Pemungutan suara itu juga menempatkan Menteri Luar Negeri Australia Julie Bishop, sekutu lama Abbott yang berubah haluan, sebagai Wakil Ketua Partai Liberal. Bishop mengantongi dukungan 70 suara dari total 100 suara. Pemilihan ketua Partai Liberal berlangsung mendadak.

Beberapa jam sebelumnya Turnbull menantang Abbott untuk mengundurkan diri.

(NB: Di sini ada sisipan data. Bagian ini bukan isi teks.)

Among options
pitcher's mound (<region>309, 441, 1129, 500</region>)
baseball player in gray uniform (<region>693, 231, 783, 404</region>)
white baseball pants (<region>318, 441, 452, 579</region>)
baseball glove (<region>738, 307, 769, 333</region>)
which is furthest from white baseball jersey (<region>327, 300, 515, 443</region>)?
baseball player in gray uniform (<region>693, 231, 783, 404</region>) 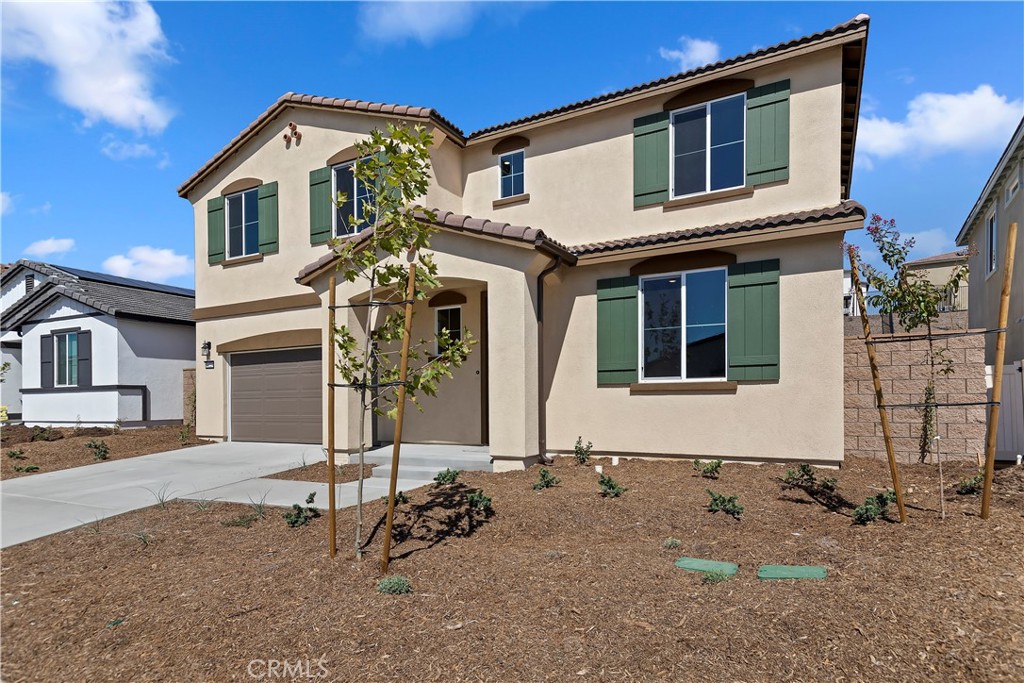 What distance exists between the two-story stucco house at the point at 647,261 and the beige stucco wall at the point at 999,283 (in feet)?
13.5

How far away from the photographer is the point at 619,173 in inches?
375

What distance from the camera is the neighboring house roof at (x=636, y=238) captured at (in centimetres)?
747

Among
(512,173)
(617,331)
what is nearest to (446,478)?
(617,331)

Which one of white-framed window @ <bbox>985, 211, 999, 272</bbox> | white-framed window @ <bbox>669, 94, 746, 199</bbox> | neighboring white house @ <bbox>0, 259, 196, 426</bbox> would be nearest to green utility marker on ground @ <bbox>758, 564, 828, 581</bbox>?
white-framed window @ <bbox>669, 94, 746, 199</bbox>

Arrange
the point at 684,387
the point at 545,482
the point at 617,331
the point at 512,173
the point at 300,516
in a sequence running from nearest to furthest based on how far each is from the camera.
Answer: the point at 300,516 → the point at 545,482 → the point at 684,387 → the point at 617,331 → the point at 512,173

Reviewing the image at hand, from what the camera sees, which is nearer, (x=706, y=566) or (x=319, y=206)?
(x=706, y=566)

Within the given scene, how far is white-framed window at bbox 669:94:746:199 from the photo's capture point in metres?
8.58

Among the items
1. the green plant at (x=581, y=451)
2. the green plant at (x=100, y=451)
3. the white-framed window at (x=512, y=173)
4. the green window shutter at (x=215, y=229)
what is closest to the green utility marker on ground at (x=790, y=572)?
the green plant at (x=581, y=451)

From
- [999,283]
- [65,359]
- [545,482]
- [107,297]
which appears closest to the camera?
[545,482]

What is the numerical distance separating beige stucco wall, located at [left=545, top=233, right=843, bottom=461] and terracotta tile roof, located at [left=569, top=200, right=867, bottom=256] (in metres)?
0.34

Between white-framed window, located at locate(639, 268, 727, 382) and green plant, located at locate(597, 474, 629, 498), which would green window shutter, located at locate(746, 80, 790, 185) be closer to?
white-framed window, located at locate(639, 268, 727, 382)

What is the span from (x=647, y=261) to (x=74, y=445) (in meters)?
13.2

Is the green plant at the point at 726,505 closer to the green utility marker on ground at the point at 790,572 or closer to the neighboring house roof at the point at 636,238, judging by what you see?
the green utility marker on ground at the point at 790,572

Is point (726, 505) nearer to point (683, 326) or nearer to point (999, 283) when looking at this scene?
point (683, 326) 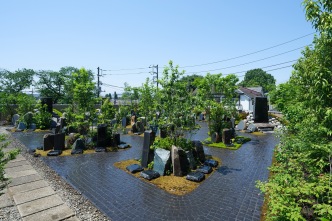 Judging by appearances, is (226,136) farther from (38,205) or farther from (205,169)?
(38,205)

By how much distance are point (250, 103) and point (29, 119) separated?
142 feet

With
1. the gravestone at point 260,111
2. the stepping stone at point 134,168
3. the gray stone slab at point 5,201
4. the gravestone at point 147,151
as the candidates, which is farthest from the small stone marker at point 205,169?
the gravestone at point 260,111

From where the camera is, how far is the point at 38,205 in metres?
6.54

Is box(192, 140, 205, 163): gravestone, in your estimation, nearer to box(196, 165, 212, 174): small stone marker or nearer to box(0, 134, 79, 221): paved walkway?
box(196, 165, 212, 174): small stone marker

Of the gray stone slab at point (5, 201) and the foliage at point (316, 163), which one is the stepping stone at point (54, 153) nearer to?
the gray stone slab at point (5, 201)

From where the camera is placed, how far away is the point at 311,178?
527cm

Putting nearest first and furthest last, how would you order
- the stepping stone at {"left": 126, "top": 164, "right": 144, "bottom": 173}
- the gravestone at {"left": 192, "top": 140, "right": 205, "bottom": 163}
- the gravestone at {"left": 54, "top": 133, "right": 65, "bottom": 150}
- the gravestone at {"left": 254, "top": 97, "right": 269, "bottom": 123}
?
the stepping stone at {"left": 126, "top": 164, "right": 144, "bottom": 173} → the gravestone at {"left": 192, "top": 140, "right": 205, "bottom": 163} → the gravestone at {"left": 54, "top": 133, "right": 65, "bottom": 150} → the gravestone at {"left": 254, "top": 97, "right": 269, "bottom": 123}

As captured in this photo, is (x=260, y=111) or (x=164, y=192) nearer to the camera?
(x=164, y=192)

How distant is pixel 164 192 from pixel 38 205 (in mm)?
4001

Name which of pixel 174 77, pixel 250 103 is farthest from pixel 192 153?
pixel 250 103

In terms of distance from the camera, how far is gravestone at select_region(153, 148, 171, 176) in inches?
370

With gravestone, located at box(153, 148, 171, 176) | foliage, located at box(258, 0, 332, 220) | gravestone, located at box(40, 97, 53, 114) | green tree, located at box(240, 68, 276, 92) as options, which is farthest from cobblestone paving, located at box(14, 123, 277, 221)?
green tree, located at box(240, 68, 276, 92)

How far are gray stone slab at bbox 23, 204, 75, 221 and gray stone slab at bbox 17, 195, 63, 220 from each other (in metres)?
0.11

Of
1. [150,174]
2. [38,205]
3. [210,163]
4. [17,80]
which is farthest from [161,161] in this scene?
[17,80] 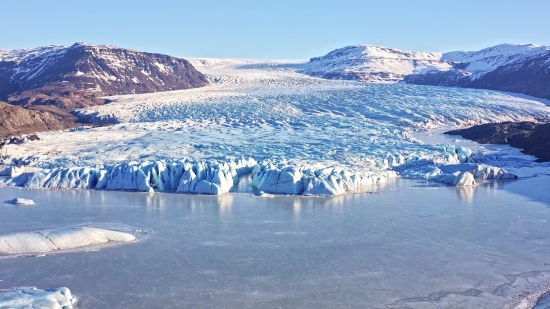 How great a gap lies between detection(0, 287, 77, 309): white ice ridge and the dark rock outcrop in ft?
37.9

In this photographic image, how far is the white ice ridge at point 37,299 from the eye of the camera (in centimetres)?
468

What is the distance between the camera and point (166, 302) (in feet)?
16.4

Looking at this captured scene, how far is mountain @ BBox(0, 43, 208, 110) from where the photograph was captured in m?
27.2

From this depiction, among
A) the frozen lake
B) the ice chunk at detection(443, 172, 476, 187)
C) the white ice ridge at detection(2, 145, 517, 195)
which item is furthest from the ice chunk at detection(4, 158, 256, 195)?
the ice chunk at detection(443, 172, 476, 187)

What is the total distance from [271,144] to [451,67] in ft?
88.4

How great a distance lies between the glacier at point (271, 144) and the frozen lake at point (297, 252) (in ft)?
2.69

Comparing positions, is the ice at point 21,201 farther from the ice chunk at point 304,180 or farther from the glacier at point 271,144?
the ice chunk at point 304,180

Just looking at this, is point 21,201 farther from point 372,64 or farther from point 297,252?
point 372,64

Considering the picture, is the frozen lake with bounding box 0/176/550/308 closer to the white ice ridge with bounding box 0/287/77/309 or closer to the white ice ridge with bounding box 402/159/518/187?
the white ice ridge with bounding box 0/287/77/309

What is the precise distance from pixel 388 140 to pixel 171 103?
365 inches

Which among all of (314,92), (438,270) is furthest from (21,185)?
(314,92)

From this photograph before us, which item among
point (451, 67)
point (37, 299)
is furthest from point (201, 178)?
point (451, 67)

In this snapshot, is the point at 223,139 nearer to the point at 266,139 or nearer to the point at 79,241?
the point at 266,139

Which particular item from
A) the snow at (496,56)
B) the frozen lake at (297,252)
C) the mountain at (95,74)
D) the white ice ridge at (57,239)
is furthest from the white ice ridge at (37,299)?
the snow at (496,56) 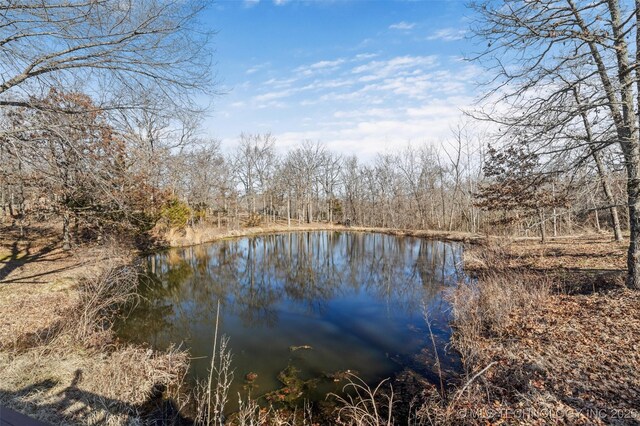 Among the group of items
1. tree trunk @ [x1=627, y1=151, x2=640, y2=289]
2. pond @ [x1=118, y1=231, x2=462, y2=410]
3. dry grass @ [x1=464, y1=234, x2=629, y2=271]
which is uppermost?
tree trunk @ [x1=627, y1=151, x2=640, y2=289]

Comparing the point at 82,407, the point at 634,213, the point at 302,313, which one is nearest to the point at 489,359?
the point at 634,213

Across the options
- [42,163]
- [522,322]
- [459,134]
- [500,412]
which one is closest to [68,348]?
[42,163]

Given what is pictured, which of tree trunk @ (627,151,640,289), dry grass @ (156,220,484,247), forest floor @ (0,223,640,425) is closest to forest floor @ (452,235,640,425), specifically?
forest floor @ (0,223,640,425)

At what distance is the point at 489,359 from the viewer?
6.25 metres

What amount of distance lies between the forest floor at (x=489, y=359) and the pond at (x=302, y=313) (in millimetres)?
1202

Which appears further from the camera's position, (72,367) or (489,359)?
(489,359)

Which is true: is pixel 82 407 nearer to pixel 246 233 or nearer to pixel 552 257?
pixel 552 257

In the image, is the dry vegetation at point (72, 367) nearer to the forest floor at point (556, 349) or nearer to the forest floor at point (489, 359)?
the forest floor at point (489, 359)

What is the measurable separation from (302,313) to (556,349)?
746cm

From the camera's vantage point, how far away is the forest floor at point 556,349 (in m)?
4.42

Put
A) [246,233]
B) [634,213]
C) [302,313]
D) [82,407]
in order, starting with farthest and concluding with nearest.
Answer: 1. [246,233]
2. [302,313]
3. [634,213]
4. [82,407]

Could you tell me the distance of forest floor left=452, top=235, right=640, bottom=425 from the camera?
442 centimetres

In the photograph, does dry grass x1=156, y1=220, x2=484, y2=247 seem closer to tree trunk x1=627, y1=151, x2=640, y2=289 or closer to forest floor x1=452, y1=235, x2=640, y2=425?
forest floor x1=452, y1=235, x2=640, y2=425

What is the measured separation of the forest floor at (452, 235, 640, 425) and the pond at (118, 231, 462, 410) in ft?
3.91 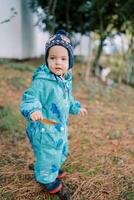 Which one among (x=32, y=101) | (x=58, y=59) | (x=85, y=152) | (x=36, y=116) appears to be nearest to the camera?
(x=36, y=116)

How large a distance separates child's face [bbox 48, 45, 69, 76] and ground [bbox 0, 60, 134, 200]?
114 cm

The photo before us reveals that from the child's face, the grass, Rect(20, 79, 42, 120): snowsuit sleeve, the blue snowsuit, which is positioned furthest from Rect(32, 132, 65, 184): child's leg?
the grass

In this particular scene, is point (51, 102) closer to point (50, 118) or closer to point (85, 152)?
point (50, 118)

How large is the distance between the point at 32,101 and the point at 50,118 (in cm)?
25

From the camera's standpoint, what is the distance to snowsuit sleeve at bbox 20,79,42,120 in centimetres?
293

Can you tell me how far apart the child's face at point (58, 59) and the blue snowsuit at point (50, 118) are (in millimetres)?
50

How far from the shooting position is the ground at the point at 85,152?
137 inches

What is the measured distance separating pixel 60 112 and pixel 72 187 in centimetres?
83

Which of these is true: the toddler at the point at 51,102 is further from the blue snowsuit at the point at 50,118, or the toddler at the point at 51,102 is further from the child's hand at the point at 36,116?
the child's hand at the point at 36,116

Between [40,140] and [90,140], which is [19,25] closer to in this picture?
[90,140]

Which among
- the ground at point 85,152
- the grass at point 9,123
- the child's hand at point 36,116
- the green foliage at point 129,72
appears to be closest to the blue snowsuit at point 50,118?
the child's hand at point 36,116

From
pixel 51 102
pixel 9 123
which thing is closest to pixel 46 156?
pixel 51 102

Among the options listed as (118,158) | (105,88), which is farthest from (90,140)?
(105,88)

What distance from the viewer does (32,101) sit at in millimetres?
2980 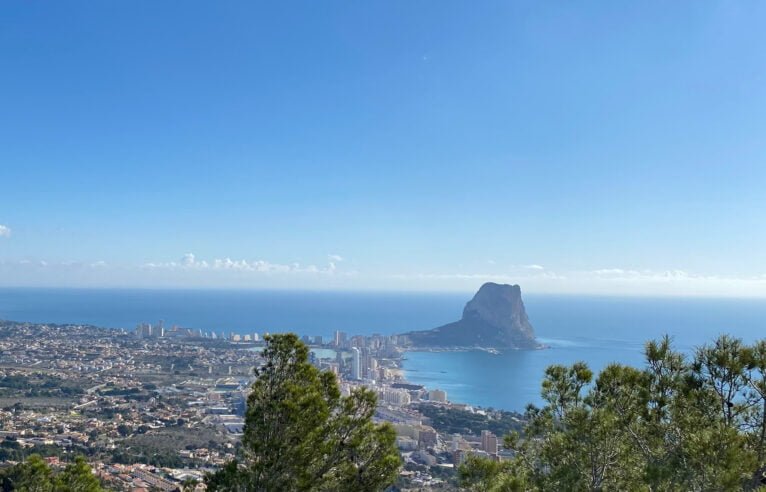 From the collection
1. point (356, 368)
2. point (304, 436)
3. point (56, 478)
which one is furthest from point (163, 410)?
point (304, 436)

Mantan wirausaha teknologi itu menilai koalisi yang saat ini berkuasa di Australia bakal kalah di pemilihan umum jika Abbott tetap dipertahankan sebagai pemimpin Partai Liberal. ”Jelas, Perdana Menteri tidak mampu memberikan kepemimpinan ekonomi seperti yang diperlukan bangsa kita. Kita perlu gaya kepemimpinan yang berbeda,” seru Turnbull.

Kritik keras itu dijawab Abbott dengan mengumumkan pemungutan suara yang diikuti anggota partai di parlemen. Sebelum voting Abbott terlihat sangat yakin mampu mengalahkan pesaingnya. ”Jabatan perdana menteri bukan penghargaan atau mainan yang bisa diminta. Ini harus sesuatu yang didapat melalui suara rakyat Australia,” katanya dikutip AFP.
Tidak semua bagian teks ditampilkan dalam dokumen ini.